■ The task ■
The span to repeat in the listing below runs from the line containing "Herensandalen, zomerschoenen met" to the line containing "Bracciale da uomo", inclusive. Repeat it exactly, and only it.

■ Source records ■

[Start of Attachment]

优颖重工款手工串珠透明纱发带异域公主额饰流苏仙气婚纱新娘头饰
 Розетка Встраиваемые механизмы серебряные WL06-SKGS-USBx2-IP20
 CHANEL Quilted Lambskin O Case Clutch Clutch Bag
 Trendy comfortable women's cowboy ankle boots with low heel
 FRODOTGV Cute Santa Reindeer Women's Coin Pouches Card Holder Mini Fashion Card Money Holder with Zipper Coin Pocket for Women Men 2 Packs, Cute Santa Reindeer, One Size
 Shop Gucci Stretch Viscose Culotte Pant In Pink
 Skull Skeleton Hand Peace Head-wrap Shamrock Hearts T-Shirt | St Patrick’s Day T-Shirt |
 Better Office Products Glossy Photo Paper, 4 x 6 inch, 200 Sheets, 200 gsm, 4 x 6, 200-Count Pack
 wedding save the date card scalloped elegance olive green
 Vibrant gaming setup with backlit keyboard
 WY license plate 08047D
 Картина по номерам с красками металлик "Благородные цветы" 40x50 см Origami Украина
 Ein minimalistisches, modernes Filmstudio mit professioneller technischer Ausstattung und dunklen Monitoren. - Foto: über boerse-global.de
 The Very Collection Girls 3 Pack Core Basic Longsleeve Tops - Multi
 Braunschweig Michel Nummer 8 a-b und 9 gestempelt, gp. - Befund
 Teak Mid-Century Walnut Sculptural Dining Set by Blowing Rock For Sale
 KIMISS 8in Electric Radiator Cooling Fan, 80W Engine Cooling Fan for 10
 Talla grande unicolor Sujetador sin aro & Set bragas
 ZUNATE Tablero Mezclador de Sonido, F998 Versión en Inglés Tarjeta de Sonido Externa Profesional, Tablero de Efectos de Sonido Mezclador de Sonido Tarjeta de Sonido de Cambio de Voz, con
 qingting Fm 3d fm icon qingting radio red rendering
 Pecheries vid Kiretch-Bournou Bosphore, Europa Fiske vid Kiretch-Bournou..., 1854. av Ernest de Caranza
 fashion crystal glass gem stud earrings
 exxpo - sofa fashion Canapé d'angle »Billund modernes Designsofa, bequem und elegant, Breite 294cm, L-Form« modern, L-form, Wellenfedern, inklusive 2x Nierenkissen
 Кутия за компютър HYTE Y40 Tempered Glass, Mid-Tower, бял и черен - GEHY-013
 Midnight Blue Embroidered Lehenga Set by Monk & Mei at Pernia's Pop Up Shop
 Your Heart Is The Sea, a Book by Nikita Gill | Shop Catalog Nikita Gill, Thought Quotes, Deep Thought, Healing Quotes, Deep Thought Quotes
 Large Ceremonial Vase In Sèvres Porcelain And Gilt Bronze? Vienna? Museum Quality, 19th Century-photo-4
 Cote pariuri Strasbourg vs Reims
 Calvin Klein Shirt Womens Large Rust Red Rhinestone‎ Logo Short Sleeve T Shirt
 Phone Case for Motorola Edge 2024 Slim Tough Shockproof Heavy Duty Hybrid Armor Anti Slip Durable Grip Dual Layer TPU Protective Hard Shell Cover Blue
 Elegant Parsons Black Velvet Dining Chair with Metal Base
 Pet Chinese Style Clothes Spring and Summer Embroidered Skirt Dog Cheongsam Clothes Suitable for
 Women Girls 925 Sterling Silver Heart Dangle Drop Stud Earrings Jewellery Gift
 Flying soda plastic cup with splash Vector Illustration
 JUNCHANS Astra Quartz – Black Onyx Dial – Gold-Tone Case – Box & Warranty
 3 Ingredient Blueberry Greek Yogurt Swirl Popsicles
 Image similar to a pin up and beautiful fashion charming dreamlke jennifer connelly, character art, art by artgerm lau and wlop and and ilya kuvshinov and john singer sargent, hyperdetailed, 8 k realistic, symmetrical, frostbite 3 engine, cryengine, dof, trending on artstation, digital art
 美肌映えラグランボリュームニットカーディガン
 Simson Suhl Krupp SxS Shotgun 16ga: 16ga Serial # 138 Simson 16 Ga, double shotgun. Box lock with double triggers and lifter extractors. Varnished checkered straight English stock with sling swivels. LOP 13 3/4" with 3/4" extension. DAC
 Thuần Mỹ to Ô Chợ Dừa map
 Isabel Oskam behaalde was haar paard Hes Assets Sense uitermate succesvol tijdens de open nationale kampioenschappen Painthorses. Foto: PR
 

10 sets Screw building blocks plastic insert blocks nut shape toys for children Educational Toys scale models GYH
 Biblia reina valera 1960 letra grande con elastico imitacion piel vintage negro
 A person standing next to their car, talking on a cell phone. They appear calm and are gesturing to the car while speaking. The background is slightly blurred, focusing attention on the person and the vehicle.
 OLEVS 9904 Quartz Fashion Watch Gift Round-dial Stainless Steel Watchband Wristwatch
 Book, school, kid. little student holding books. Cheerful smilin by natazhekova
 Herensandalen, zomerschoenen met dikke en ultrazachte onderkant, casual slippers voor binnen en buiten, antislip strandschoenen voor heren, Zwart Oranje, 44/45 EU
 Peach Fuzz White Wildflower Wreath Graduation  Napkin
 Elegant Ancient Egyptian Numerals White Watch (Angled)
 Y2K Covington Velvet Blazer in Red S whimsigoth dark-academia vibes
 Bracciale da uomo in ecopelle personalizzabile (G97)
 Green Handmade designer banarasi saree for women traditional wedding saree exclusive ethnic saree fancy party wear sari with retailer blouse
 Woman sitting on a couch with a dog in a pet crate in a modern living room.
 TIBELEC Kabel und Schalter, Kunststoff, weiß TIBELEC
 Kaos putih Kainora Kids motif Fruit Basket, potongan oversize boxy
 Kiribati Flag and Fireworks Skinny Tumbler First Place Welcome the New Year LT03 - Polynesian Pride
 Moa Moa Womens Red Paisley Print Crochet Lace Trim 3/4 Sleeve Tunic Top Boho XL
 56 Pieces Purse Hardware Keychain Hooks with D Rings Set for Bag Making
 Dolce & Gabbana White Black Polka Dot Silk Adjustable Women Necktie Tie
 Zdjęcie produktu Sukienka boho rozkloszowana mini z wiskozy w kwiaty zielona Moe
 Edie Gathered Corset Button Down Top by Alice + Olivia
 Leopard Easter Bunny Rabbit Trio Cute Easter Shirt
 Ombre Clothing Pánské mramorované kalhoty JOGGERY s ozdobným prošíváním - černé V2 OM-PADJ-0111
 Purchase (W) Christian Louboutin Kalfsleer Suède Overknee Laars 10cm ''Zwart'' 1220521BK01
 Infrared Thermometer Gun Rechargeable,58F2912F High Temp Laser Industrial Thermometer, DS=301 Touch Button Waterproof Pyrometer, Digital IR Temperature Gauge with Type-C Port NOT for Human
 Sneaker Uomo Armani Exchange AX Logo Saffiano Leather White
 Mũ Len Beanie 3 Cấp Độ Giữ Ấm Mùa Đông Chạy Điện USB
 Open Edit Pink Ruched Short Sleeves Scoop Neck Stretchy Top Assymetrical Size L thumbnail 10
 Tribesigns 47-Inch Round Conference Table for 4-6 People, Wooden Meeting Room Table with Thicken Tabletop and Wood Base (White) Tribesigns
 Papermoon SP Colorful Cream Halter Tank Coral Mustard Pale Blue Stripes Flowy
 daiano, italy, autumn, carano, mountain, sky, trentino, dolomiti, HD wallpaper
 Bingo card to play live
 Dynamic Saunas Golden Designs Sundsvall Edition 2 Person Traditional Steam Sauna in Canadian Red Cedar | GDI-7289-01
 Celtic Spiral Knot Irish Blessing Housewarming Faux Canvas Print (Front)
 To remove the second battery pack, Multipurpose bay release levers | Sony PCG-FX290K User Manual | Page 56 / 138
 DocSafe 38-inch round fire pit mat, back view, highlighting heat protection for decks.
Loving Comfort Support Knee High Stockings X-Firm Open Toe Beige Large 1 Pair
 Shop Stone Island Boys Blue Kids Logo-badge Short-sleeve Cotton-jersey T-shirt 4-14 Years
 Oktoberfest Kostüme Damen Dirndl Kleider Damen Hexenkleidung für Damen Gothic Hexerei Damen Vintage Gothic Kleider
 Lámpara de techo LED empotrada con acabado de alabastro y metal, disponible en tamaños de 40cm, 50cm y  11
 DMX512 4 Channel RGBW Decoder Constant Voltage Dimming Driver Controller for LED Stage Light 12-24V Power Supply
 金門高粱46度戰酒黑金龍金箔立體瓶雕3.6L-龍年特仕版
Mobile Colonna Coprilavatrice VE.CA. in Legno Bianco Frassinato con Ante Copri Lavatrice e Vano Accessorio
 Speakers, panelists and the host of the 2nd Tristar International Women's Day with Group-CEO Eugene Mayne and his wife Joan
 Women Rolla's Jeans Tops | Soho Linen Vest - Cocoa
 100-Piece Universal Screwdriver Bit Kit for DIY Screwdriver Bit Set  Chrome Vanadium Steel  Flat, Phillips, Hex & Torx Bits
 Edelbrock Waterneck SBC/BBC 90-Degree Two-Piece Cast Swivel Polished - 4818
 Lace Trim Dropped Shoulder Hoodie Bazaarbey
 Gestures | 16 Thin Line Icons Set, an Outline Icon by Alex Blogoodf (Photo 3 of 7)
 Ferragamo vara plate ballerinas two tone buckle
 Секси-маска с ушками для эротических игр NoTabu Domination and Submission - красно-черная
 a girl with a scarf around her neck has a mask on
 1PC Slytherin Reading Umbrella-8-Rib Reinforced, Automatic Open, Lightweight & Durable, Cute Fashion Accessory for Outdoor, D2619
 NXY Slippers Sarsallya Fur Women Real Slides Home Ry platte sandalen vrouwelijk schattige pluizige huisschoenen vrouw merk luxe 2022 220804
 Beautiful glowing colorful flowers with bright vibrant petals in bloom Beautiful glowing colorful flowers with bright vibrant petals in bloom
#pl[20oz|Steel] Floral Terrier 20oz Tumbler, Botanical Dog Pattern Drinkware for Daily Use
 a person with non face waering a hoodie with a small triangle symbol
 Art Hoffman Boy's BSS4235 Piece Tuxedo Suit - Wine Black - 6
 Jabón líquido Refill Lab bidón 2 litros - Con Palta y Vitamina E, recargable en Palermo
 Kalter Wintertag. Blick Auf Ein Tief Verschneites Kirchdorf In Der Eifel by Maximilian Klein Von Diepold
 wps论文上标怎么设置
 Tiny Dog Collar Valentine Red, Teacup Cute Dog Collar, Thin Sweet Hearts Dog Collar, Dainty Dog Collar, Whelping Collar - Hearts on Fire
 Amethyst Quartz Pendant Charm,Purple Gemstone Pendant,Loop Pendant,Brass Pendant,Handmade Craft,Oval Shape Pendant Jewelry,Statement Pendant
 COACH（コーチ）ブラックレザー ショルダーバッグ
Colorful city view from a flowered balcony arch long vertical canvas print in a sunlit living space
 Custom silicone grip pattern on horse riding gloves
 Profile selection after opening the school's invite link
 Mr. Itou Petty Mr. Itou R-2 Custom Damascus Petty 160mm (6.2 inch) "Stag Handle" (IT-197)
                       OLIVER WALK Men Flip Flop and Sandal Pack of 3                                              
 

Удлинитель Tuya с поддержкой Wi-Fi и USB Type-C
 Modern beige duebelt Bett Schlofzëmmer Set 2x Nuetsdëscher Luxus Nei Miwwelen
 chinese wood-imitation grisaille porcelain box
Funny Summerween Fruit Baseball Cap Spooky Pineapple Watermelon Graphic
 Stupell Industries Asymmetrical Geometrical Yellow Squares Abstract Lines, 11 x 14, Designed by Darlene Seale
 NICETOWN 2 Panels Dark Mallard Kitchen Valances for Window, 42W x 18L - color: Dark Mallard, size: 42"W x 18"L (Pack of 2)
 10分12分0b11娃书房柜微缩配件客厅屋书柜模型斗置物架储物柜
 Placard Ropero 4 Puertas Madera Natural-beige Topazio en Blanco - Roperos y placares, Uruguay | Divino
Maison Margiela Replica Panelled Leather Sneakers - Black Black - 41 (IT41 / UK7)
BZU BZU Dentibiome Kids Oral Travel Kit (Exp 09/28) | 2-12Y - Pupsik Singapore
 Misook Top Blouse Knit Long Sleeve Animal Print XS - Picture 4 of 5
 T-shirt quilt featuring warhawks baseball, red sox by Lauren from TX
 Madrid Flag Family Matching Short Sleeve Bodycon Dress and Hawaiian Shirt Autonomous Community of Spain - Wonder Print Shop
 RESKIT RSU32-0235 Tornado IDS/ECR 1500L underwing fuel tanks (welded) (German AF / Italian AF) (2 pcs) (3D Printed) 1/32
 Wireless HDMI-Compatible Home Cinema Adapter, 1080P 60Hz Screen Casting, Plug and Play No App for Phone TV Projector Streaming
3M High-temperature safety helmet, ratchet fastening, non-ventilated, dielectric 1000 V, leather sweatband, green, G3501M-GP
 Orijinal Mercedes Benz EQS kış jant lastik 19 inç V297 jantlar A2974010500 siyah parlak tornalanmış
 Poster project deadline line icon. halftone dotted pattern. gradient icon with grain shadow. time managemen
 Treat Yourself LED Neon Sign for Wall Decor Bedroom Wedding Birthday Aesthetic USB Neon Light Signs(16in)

[End of Attachment]

■ Result ■
 Herensandalen, zomerschoenen met dikke en ultrazachte onderkant, casual slippers voor binnen en buiten, antislip strandschoenen voor heren, Zwart Oranje, 44/45 EU
 Peach Fuzz White Wildflower Wreath Graduation  Napkin
 Elegant Ancient Egyptian Numerals White Watch (Angled)
 Y2K Covington Velvet Blazer in Red S whimsigoth dark-academia vibes
 Bracciale da uomo in ecopelle personalizzabile (G97)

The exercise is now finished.